できる男のサウナマナー
私は気遣いに定評がある。
東ニ競馬デ負ケタ人アレバ、次コソ勝テルト激励シ、
西ニ酔イ潰レル友アレバ、アト二杯デイイト云フ。
そういう者である。そんな人を思う心をもってしても、容易に判じがたい問題に直面した。
先日、先輩二人に連れられ銭湯に行った時のこと。三人でサウナルームに入ったが、座席の空きはまばらである。さて私はどこに座るべきなのか、これが問題だ。
ここに三つ選択肢がある。みなさんならどこに座るだろうか。
- 奥の低い席
- テレビ正面の低い席
- 手前の高い席(2つ横並び)
先輩は暑さを求めて、高い座席を所望するか。いや暑すぎると長くいられないかも。低い席がいいだろうか。
2つ並んで空いているところに、先輩は並んで座りたいんじゃないか。いや、サウナ内では会話しないから、テレビの見やすさ優先じゃないか。
そもそもサウナの上座ってどこなんだ。個室と同じで入り口から離れた奥の席がやはり上座なのか。いやでも、扉付近はたまに涼しい風が入ってきて気持ちいいかもしれないな。

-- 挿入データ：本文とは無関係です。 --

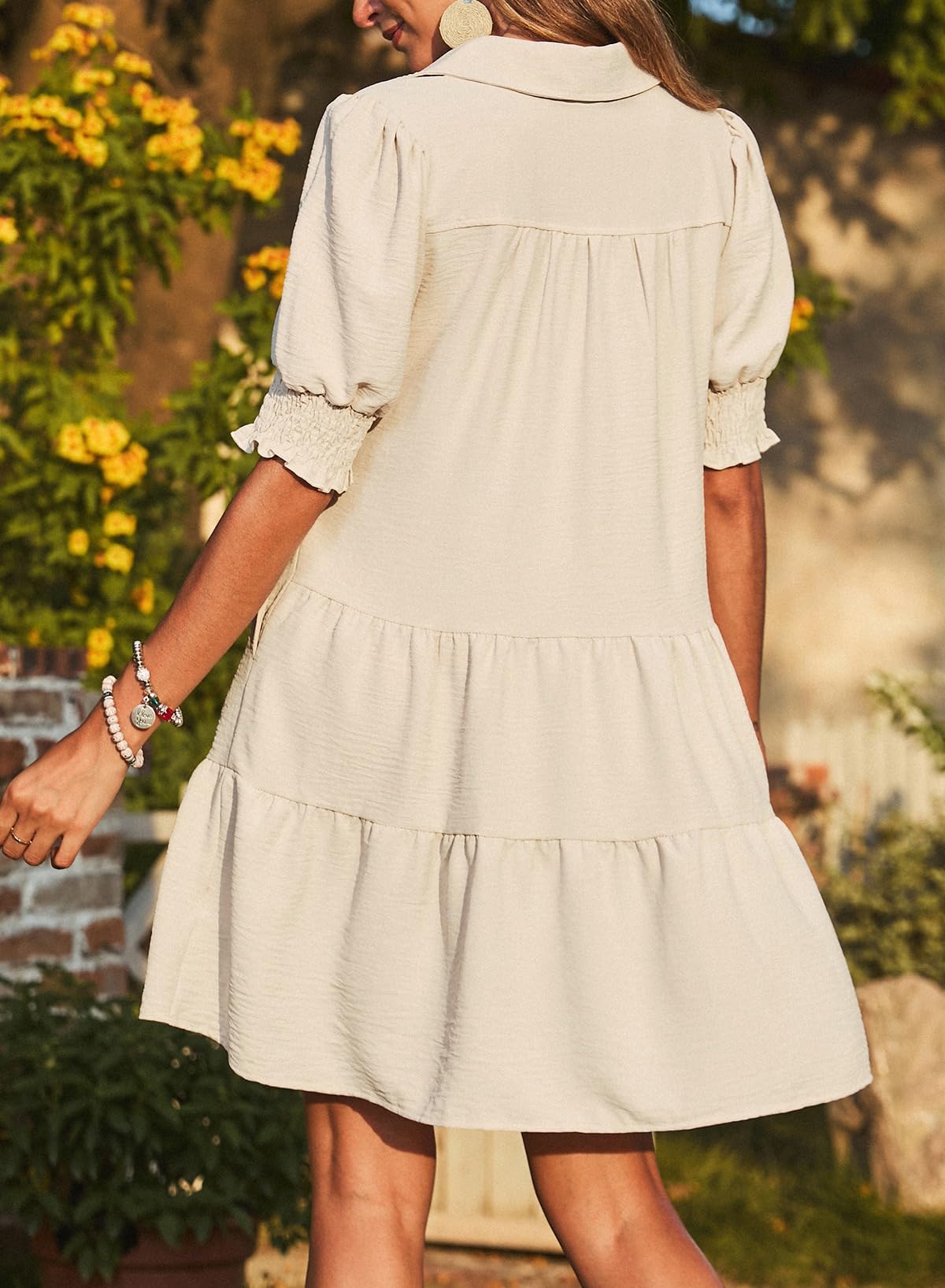 Smocked Sleeve Tiered V-Neck Mini Dress (buy 2 free shipping!!!) 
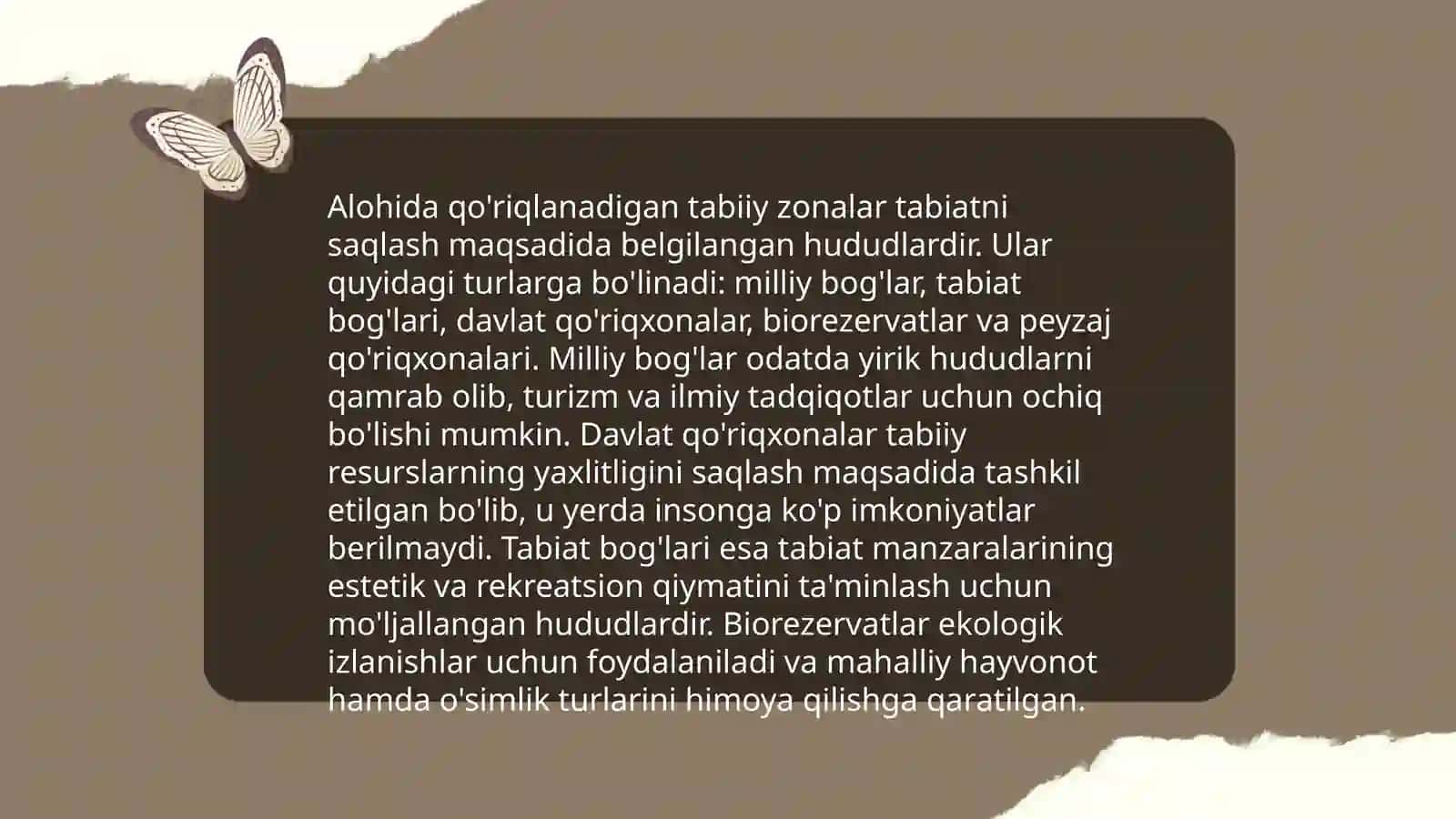 Alohida qo'riqlanadigan tabiiy zonalar va ularning ekologik va iqtisodiy muammolari 3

とういうか暑さを求めてサウナにくるなら、涼しさはいらないんじゃないか。いや暑すぎると長くいられないかも。低い席がいいだろうか。
と気づかぬうちに、私は出口のない迷路をグルグル回っていた。
わずかに逡巡した末、私は以下の二点を踏まえ、奥の低い席を選んだ。
- 先輩二人はサウナ上級者なので、温度の高さを求めるだろう
- 裸眼だと何も見えない私にテレビは関係ないので、テレビ正面は空けておくべき
これで万事解決だ。
安心して奥の座席に腰を下ろしたところで、別の問題に気づいた。先輩の姿が全く見えず、出るタイミングがわからないのだ。

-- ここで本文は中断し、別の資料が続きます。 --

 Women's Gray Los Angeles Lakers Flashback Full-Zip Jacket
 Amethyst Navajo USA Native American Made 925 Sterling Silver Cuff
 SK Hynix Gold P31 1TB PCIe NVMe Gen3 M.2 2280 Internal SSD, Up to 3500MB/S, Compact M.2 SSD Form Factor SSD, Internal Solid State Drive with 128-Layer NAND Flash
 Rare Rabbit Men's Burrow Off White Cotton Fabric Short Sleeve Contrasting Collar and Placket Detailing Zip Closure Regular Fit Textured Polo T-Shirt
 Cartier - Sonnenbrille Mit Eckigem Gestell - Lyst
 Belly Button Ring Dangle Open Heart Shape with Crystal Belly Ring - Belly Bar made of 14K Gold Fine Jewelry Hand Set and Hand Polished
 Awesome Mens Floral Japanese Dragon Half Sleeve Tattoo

基本的にサウナ→水風呂→外気浴を1セットとする交代浴のルーティンは、各自が無理のないペースで行う。
とはいえ、久々に先輩と会う私は話したいことも積もっている。できれば先輩にペースを合わせたいところだ。しかし裸眼で赤ちゃん並の認識能力しかない私が、先輩から離てしまった時点でもう叶わない。
座った後でこの問題に気づくとは。裸眼の私には、わずか先の未来すら見えてなかったのだ。くそ、目さえ良ければ。熱にやられた頭と勢いで、私は決断した。
そうだ、レーシックしよう。
そんなわけで、私は先日レーシック(正確にはICL)手術を受けた。